For every insurance agent who tells you that you may find one who says the opposite, since failure to post might increase your liability because you did not warn someone, say someone who had a right to be there or had no ill intentions such as a mailman. I would check with a lawyer, who has more liability behind his advice than just the "Oops, I was wrong" that you would get from the insurance guy. Remember too that they are two different things. The insurance company will pay or not, increase your premiums or cancel you outright based only on their criteria. Legal issues may be completely different from insurance recommendations, and they may even be contradictory. Get it in writing, especially from the insurance company. Those scum bags will do whatever they can to get out of paying. "Oh, you posted beware of dog? That means you knew he was dangerous. We won't pay. Oh, you didn't post beware of dog? You should have warned the poor mailman. Your fault, we won't pay."


----------



## Ross (May 9, 2002)

I know here in Ontario posting a Beware of Dog sign is proof of knowingly having a hazard on your property in civil court. There are exceptions where the particular animal is proven to be safe through witness testimony to the dogs behavior backed by a vet certificate of health.

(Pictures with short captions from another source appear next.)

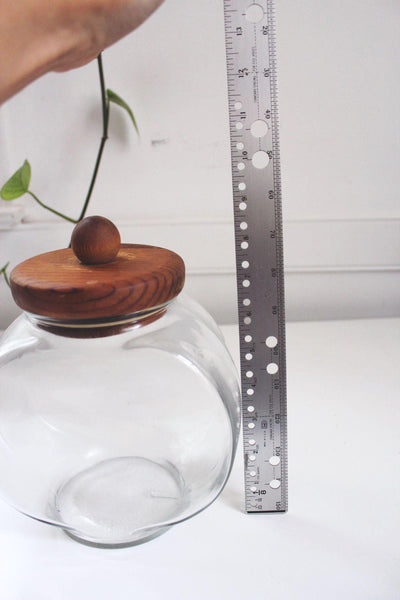 Vintage Anchor Hocking Glass Penny Candy Jar Canister Wooden Lid Farmhouse Rustic Countertop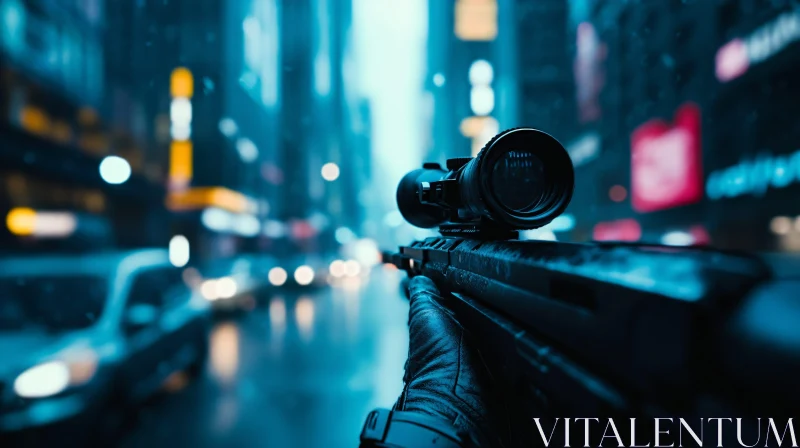 Urban Sniper Scene AI Image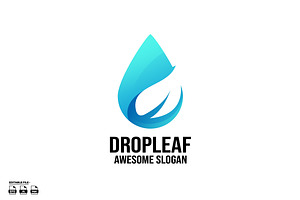 Water With Leaf gradient logo, a Branding & Logo Template by LOGTURNAL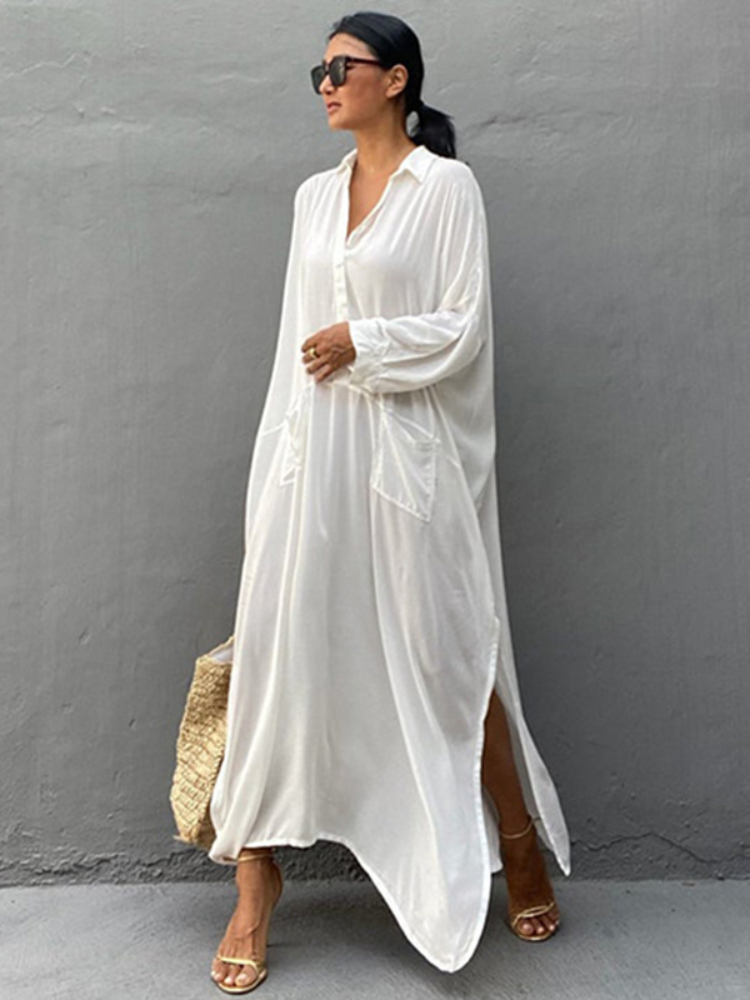 Robe de plage maxi blanche avec poches, cover-up pour les maillots de bain, kaftan, kimono, tunique d'été élégante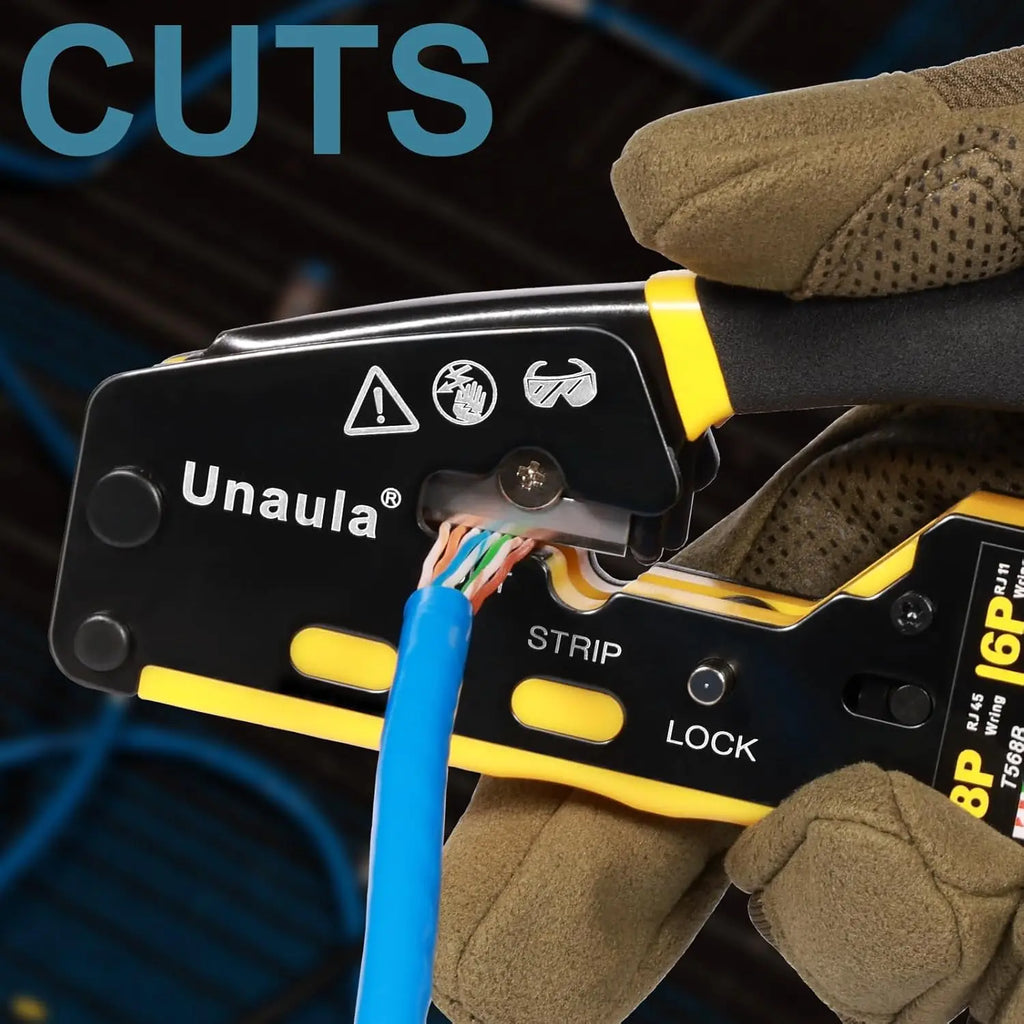 Professional RJ45 Crimp Tool Kit for Cat5 Cat6 Ethernet Cables, Pass Through Crimper with Easy Installation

Lot of fuss for a sign that can be worded better, as suggested. "No trespassing" puts the onus mostly on the trespasser if they get hurt for most reasons. Do talk to your insurance provider, don't leave out info or your policy might not cover your butt!! I'm not a lawyer, but we've discussed the topic in detail with one in the past. Current info for your area is a trip to the lawyer's office.


----------



## vicker (Jul 11, 2003)

I like to get those "Beware of the Dog" signs and cut out "the Dog". My signs look like this, "BEWARE".


----------



## gapeach (Dec 23, 2011)

This is my dog, Sammie. She is part Boxer, Sharpei, and Amstaff Terrier. We have had her for 3 yrs. She will be 4 in October. I really don't know if she would bite. She has never done it. She will snap if someone that she does not know comes toward her and into her face. She is the most loving dog though to family and extended family. If you meet her one time with anyone from the family, she is your friend from now on. She loves children and the childen in the play school park behind our house she never even barks at them. I never let her out loose. However, a lady in the neighborhood reported her as a pit bull that had attacked a Mastiff while his owner was running with him. The cop could see she is not a pit bull and went on his way. I don't put up a sign as she barks at anyone who comes to the door or into the yard. I am thankful to have her because somebody would have to shoot her to get into the house.


----------